Selma Blair's joy at dancing without a cane

·2-min read
Selma Blair danced without her cane credit:Bang Showbiz
Selma Blair danced without her cane credit:Bang Showbiz

Selma Blair felt she was part of a "fairy tale" when she danced without a cane on 'Dancing With the Stars'.

The 50-year-old actress - who was diagnosed with multiple sclerosis (MS) in 2016 - admitted it was an "amazing" experience to perform her emotional Viennese waltz routine to David Cook's 'Time of My Life' with only her partner Sasha Farber for support.

She told 'Extra': “It felt amazing. I actually never had a dance before with anyone… I never had someone ask me to dance in that way. To learn at least one dance, I mean the gratitude.

"To have Sasha hold me in a frame so I could leave my walking assistance behind and feel like, ‘Wow, he can help me be fluid and move,’ and knowing how much support from people literally, physically, and figuratively, what it means and it feels so good… it did, it felt like a fairy tale.

“My cane has been amazing… I have such balance issues… I have such love for my cane, for all my canes, but to leave it behind and say, ‘I am going to have a person support me now,’ it’s a totally new thing, physically… I have been a single mom.
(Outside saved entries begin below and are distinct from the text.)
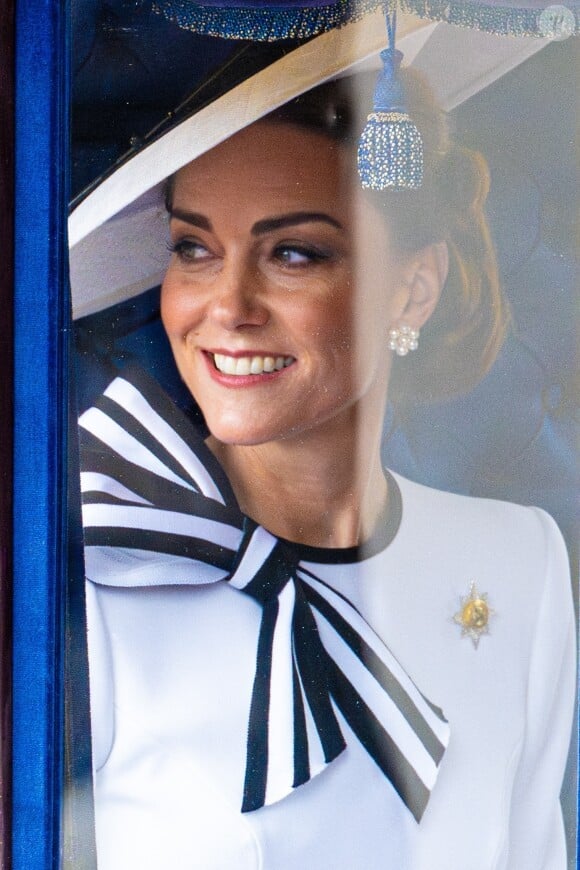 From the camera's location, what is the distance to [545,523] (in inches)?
56.1

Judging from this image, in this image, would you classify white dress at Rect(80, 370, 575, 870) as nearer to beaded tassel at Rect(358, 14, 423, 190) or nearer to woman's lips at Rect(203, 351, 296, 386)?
woman's lips at Rect(203, 351, 296, 386)

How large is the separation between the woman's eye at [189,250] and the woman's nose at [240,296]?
37 millimetres

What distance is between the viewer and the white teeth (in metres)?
1.39

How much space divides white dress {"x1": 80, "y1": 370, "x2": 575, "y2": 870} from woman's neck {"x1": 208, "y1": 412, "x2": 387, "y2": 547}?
0.03 meters

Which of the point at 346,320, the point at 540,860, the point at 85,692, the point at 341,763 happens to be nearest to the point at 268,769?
the point at 341,763

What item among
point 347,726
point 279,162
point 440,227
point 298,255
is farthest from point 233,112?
point 347,726

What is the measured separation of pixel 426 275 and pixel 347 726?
1.95 ft

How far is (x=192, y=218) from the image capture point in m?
1.38

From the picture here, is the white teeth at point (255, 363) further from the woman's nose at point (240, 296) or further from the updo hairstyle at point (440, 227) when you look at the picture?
the updo hairstyle at point (440, 227)

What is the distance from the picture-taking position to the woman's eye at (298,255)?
1.36 meters

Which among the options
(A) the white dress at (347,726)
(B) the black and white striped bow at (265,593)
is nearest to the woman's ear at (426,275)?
(A) the white dress at (347,726)

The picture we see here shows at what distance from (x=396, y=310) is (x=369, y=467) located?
0.69 ft

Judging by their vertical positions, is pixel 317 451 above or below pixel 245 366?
below

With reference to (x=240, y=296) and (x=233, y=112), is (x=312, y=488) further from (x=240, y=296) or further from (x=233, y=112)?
(x=233, y=112) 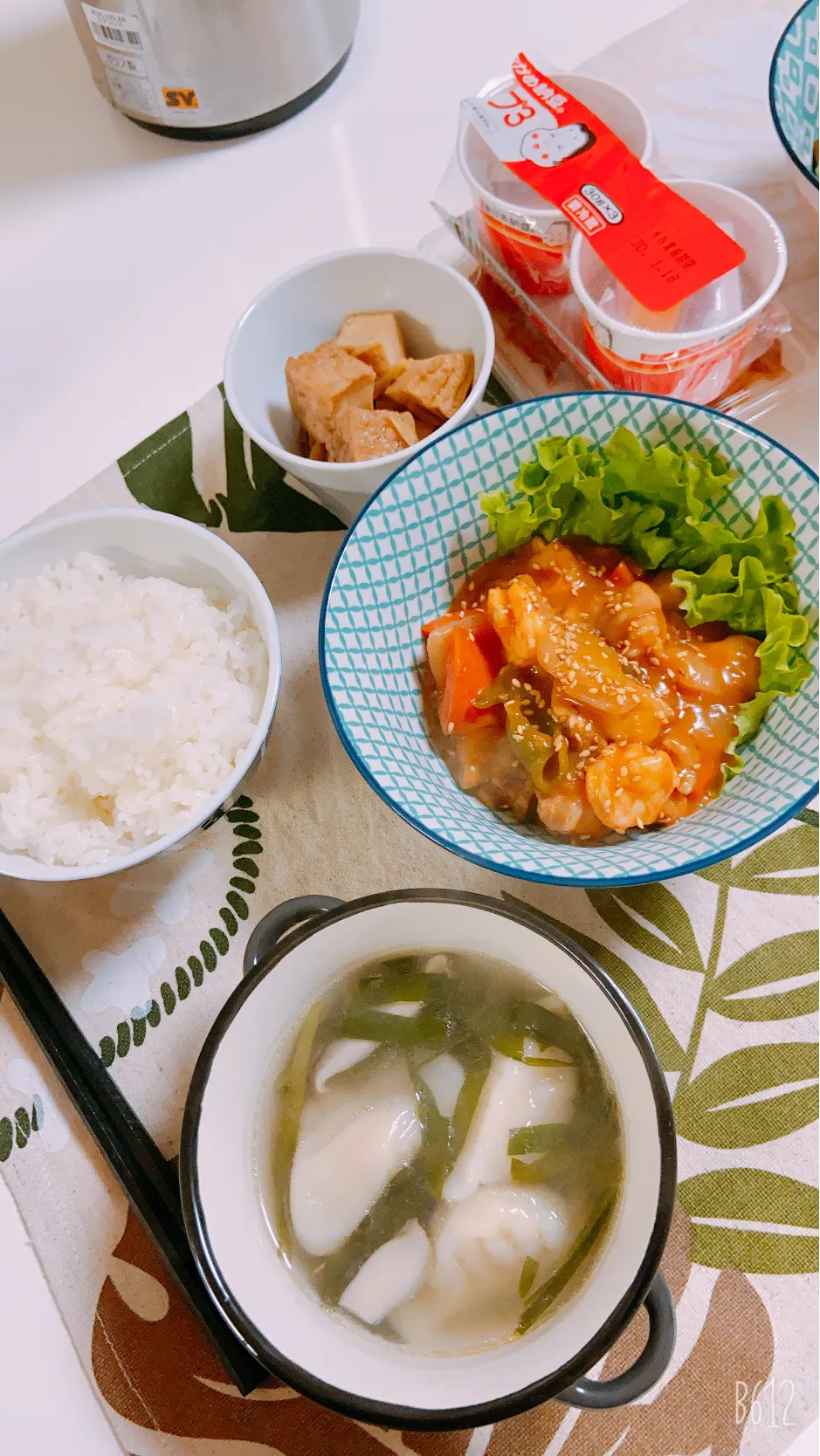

I’ve always loved supporting people, and then to have so many people support me, heaven.”

The 'Cruel Intentions' star praised her dance partner for his reassurance that she could perform without her walking aid.

She added: “I’m so proud, I am so proud of Sasha for really convincing me that… he wouldn’t let me go and I feel good, I feel good, physically I feel good and I am getting stronger.”

And Selma hopes taking part of the show will help her get "stronger" as the series progresses.

She said: "The main thing was I had really kind of stalled in a point of recovery. I just couldn’t get motivated to get stronger… Then this opportunity came and for the first time in my life I was like, ‘Yeah, it makes sense…’ I want to start learning how to build myself up again.

"Even though I am comfortable with myself, I have been not that strong. I just want to say, I think that people might look at MS or chronic illnesses as one thing, but all of us in the community know, it’s just as varied as everyone else everywhere, and with support it’s amazing what we can do.”